One of the consequences of the second law of thermodynamics is that a certain amount of energy is necessary to represent information. To record a single bit by changing the state of a system requires an amount of energy no less than $kT$, where $T$ is the absolute temperature of the system and $k$ is the Boltzman constant. (Stick with me; the physics lesson is almost over.)

Given that $k =1.38 \cdot 10^{-16} \mathrm{erg}/{^\circ}\mathrm{Kelvin}$, and that the ambient temperature of the universe is $3.2{^\circ}\mathrm K$, an ideal computer running at $3.2{^\circ}\mathrm K$ would consume $4.4 \cdot 10^{-16}$ ergs every time it set or cleared a bit. To run a computer any colder than the cosmic background radiation would require extra energy to run a heat pump.

Now, the annual energy output of our sun is about $1.21 \cdot 10^{41}$ ergs. This is enough to power about $2.7 \cdot 10^{56}$ single bit changes on our ideal computer; enough state changes to put a 187-bit counter through all its values. If we built a Dyson sphere around the sun and captured all of its energy for 32 years, without any loss, we could power a computer to count up to $2^{192}$. Of course, it wouldn’t have the energy left over to perform any useful calculations with this counter.

But that’s just one star, and a measly one at that.
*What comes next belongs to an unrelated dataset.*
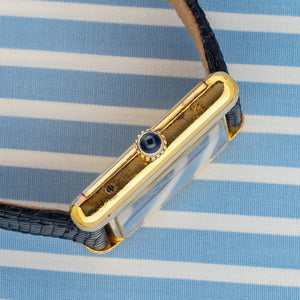 Cartier Tank Must De Cartier w/"Lapis" Blue Dial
A typical supernova releases something like $10^{51}$ ergs. (About a hundred times as much energy would be released in the form of neutrinos, but let them go for now.) If all of this energy could be channeled into a single orgy of computation, a 219-bit counter could be cycled through all of its states.

These numbers have nothing to do with the technology of the devices; they are the maximums that thermodynamics will allow. And they strongly imply that brute-force attacks against 256-bit keys will be infeasible until computers are built from something other than matter and occupy something other than space.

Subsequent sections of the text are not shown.